THE strong bromance between X-Men co-stars Sir Ian McKellen and Sir Patrick Stewart cannot be denied.
The pair tweeted a lovely photo of themselves supping a pint at McSorley’s Old Ale House in New York’s East Village.
They are to star on Broadway together starting November 24, in both No Man’s Land and Samuel Beckett’s Waiting for Godot.
Speaking of their friendship, Sir Ian said: “We are the same actor, really. We’ve had the same career, really,” McKellen recently told CBS News. “So we’re peers. We’re equals. We’re not rivals.”
Their stage reunion will be welcome news to Sir Ian, who admitted that he broke down in tears when their 2009 production of Waiting for Godot came to an end, because he knew he’d miss his friend so much.
But the Lord of The Rings actor told CBS News that he wouldn’t have predicted such a strong friendship between the two men, as Sir Patrick is from Yorkshire, whilst he was raised in Wigan, Lancaster and Bolton.

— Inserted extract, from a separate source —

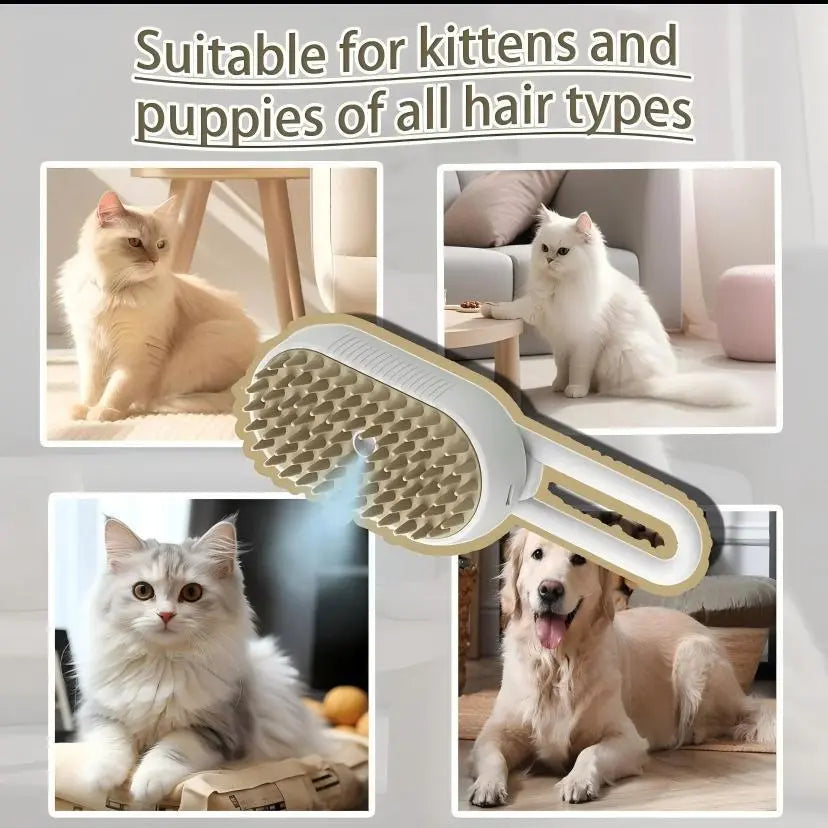 3 in 1 Pet Steam Brush Steamy Cat Brush Grooming Comb for Dogs Cats, Steam Pet Hair Remover with Adjustable Pet Steamy Mist, Remove Flying Fur Steam Advanced Pet Hair Removal Comb, Pet Pal Brush Cleaning Tool, Deshedding Steam Brush for Home Grooming Rand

He said: “I don’t normally take to Yorkshire.
“They can be very dour. And they can be very stubborn.”
“Lancastrians, like me, are chippy. And happy. And like to get on with everybody.
“Yorkshire people have to be dealt with.”

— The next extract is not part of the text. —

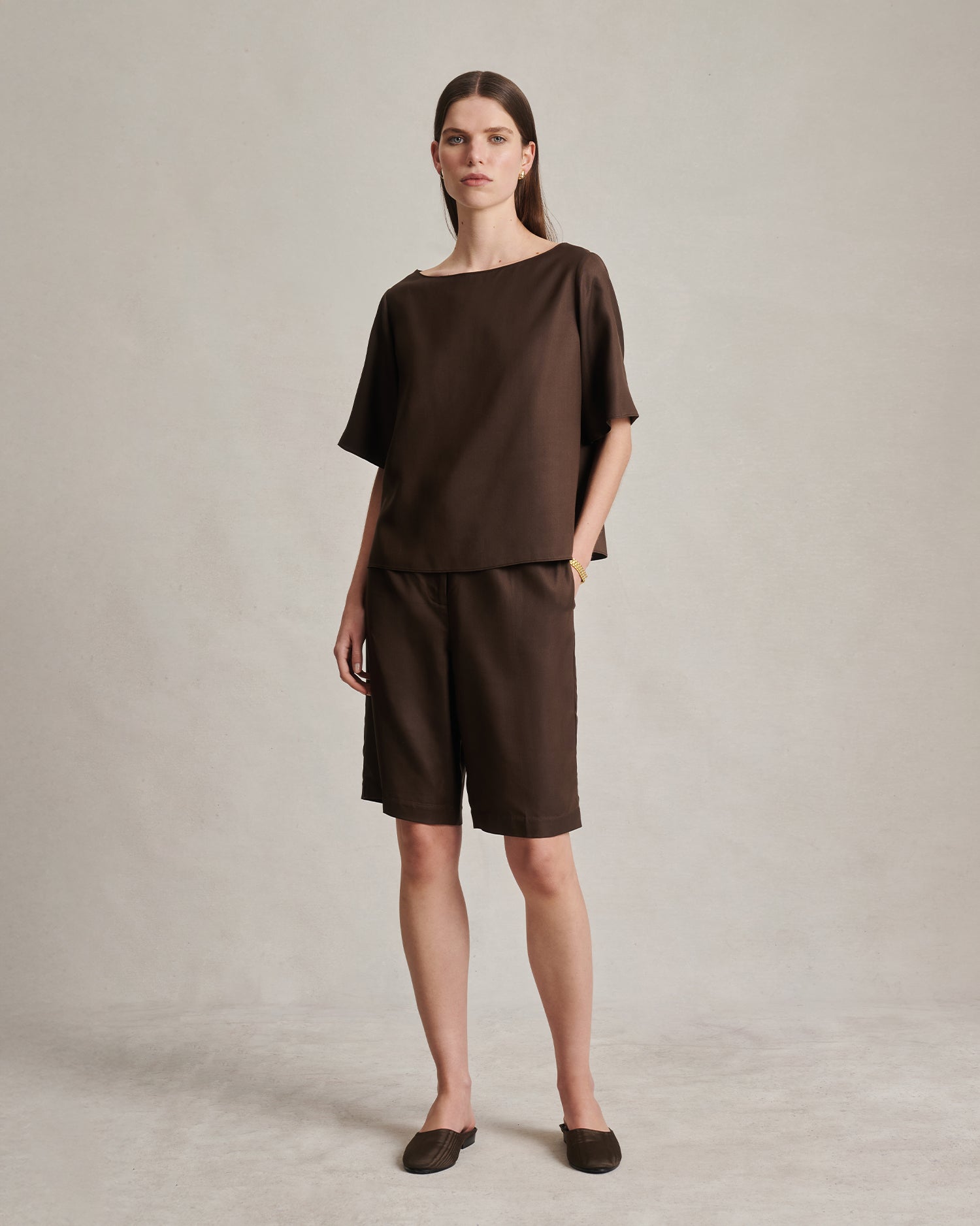 Boat Neck Top - Chocolate Dupioni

And Sir Patrick added: “I have to agree with everything he says. There is a famous saying, ‘You can always tell a Yorkshireman but you can’t tell him much.’”
Sir Ian recently performed the marriage ceremony between the Star Trek actor and his wife, Sunny Ozell.
And the openly-gay actor even joked about marrying his fellow Lord of The Rings star, Cate Blanchett, as they had a lot in common.
He laughed: “Her husband doesn’t know, but she and I are going to get married quite soon. Which will surprise a lot of people,
“But you see, we only met at a party during the making of The Lord of the Rings, we weren’t on screen together.
“We were on screen together but we didn’t meet. Here [on The Hobbit], we had a whole week, or maybe two. “That was a thrill because she’s a great screen actor and a very congenial person, for me. She’s based in theatre.
“That’s her main job at the moment, running a theatre.
“So there wasn’t a moment that we didn’t have stuff to talk about.”